There's actually not that much loss you have to take. And so, versus the people that are like, "No, this is cool. I like my life." Yeah, stay there, right? This message is not for you.
But we all know these people that want to just, like, tell you their darkest secret, which is they wake up every day and they, like, dream of quitting. Like, they have fantasies of quitting every day. Those are people that probably should quit.
And it's interesting because we're probably talking to, like, one percent of the developers at fang companies. Like, one percent for, like, 99 developers at fang, it's irrelevant. This is not relevant. Yeah, this is not for you. We're not— we're not trying to argue with you.
Right? We're just saying, though, if you know someone that's deeply unhappy because of decisions they're making, they can just make different decisions. You can tell them that. You can break the spell. You can break the spell.
So to wrap up, right? Like, the fang optimization, I think there's a couple kind of takeaways here. Like, I think the first one is that, like, if you're technical and you want to be a founder, and you decide that fang is the right part for you, the right path for you, at least to start, a couple things you should be thinking about: one is how long you're going to stay, right?
Like, how can you stay for long enough to get the value without getting trapped? So if you get trapped, your plan goes to shit.
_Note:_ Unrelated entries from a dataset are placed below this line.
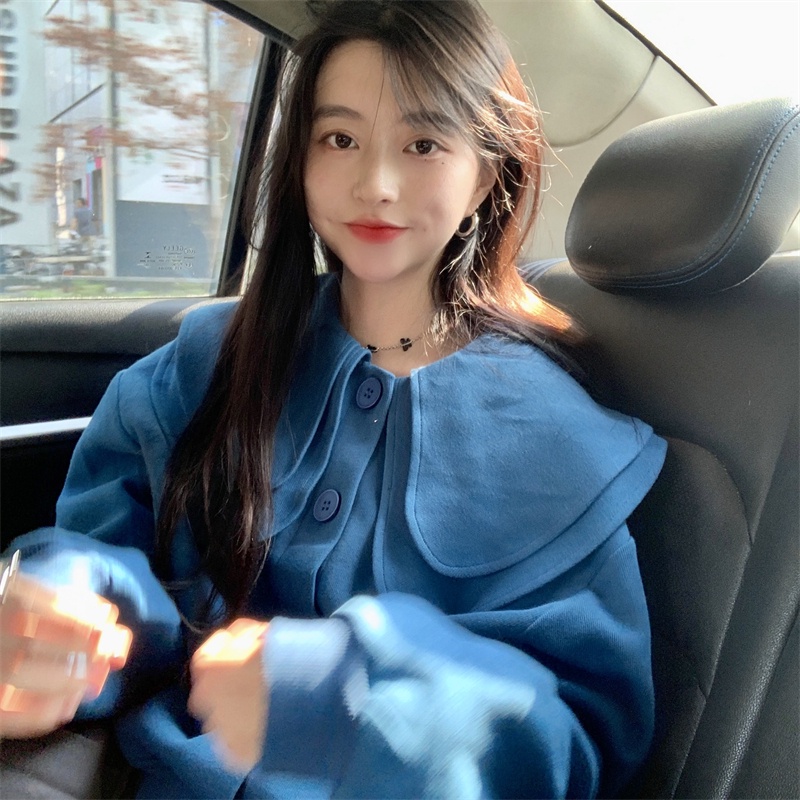 Áo khoác cardigan ZHELIHANGFEI tay dài cổ búp bê eo cao phong cách Nhật Bản ngọt ngào cho nữ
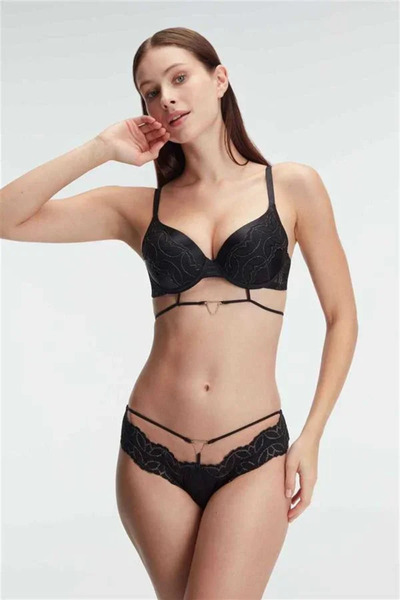 SS HOME CONCEPT Supported Underwire Covered Lace Detailed Bra Slip Underwear Set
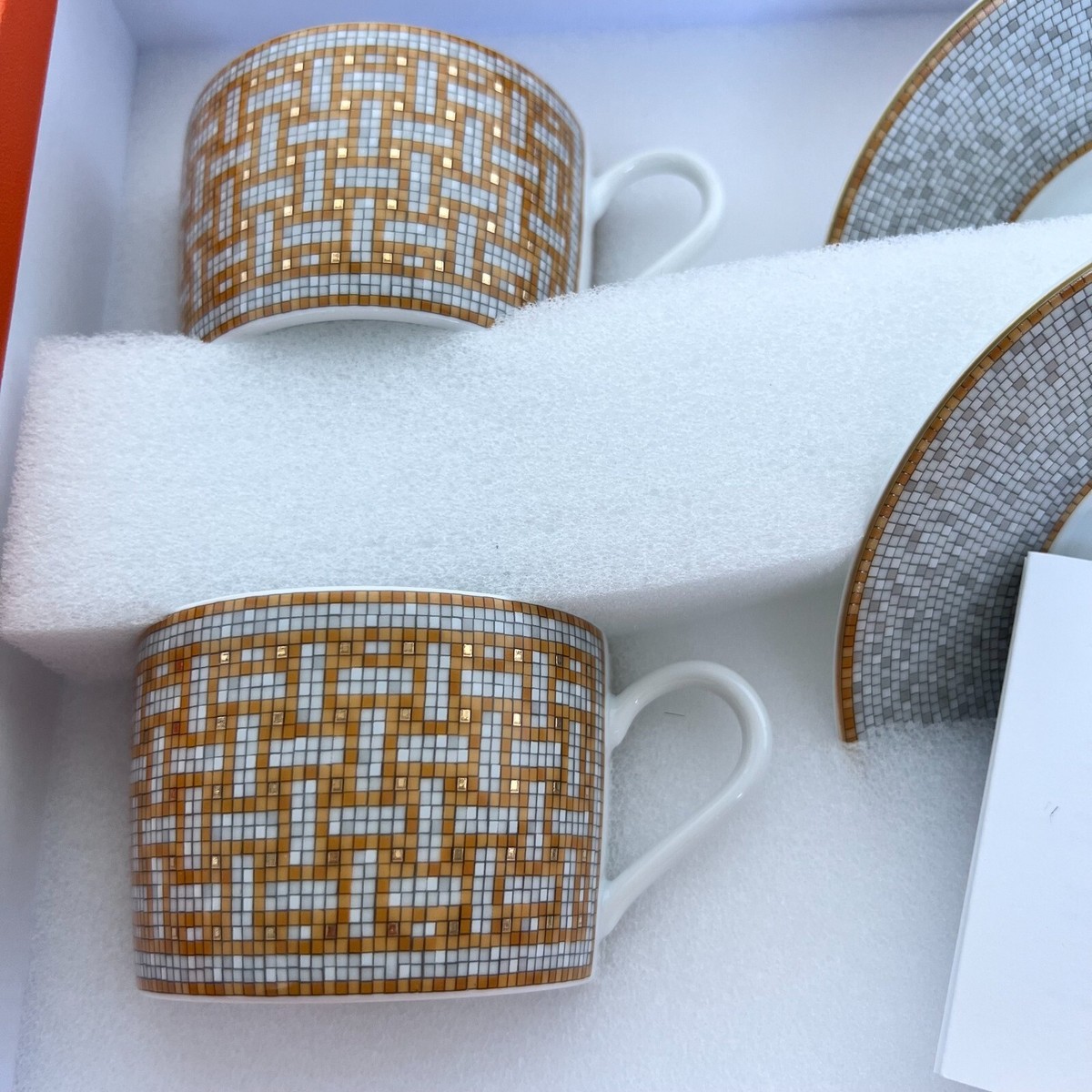 HERMES Tea Cup Saucer Mosaique Au 24 Tableware 2 set Gold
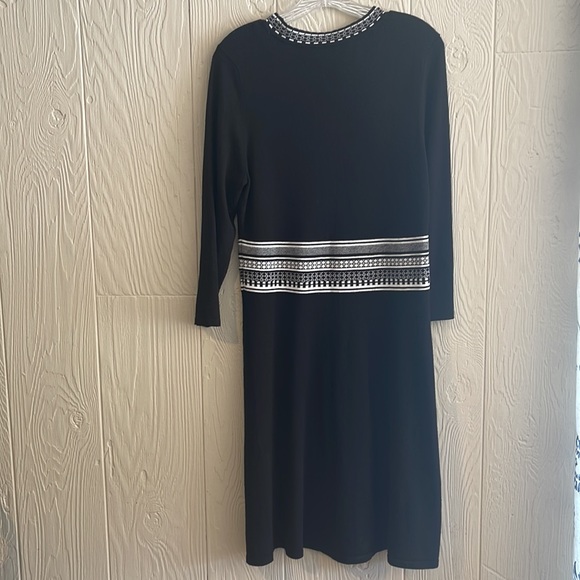 Zoe+Phoebe Sweater Dress Long Sleeve Black & White Soft & Cozy - Picture 4 of 7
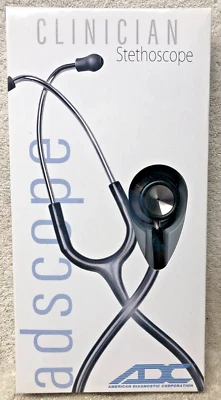 AMERICAN DIAGNOSTIC CORPORATION CLINICIAN STETHOSCOPE Adscope 603 Black Tube 30" inch 603BK adc NEW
Sounds like. The second one—and you were touching on this—like, don't work on projects that will, like, make you hate your life, make you hate tech, like cause you to decide to just become, like, a nomad who roams, like, you know, weird beaches in Southeast Asia.
Like, we know these people. Like, yeah, like, I know a lot of ex-Facebook people who kind of, like, feel that they did evil and they made money doing it, and they seemed pretty unhappy about it. They're not happy about the work that they did in the universe. And so, yeah, don't do that.
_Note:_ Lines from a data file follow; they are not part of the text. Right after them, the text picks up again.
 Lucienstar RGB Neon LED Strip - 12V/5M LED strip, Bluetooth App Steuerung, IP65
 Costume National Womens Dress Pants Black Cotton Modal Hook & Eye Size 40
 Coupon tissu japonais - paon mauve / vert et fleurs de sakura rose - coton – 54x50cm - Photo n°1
Like, the psychic scars of doing that stuff is expensive. Well, and it'll prevent you from being optimistic about tech, which you need to be if you're going to be a startup founder. Like, you need to be optimistic. I say the last one is have a plan at the start.
Like, know what you're trying to accomplish. You're trying to get a visa? You're trying to save money? Are you trying to get this on your resume? Have a plan for what you're trying to accomplish by taking one of these jobs and a plan for when you want to leave.
It's a lot easier to have a plan when you're not looking a bonus in the eye, right? If you come in with the plan when the bonus thing happens, you'll see it coming. If you're fighting the bonus head-to-head with no plan, bonus wins most of the time.
All right, with that, that's how to break out of fang. Thanks, Dalton. Thanks.